(Dataset entries Opens)

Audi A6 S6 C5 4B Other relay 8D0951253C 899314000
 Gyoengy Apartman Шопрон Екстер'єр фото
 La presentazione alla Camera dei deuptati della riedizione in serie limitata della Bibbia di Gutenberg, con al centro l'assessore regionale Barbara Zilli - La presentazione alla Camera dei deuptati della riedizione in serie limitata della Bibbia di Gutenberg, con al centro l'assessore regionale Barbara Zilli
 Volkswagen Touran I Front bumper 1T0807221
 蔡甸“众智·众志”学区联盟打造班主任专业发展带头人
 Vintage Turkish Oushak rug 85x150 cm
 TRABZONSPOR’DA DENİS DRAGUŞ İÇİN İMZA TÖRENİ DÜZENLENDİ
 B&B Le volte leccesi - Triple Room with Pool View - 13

(Dataset entries Closes)

What you should do
Once the line with "Volkswagen Touran I Front bumper 1T0807221" is located in the data above, repeat it and every later line through the end, exactly.

Response to this exercise
 Volkswagen Touran I Front bumper 1T0807221
 蔡甸“众智·众志”学区联盟打造班主任专业发展带头人
 Vintage Turkish Oushak rug 85x150 cm
 TRABZONSPOR’DA DENİS DRAGUŞ İÇİN İMZA TÖRENİ DÜZENLENDİ
 B&B Le volte leccesi - Triple Room with Pool View - 13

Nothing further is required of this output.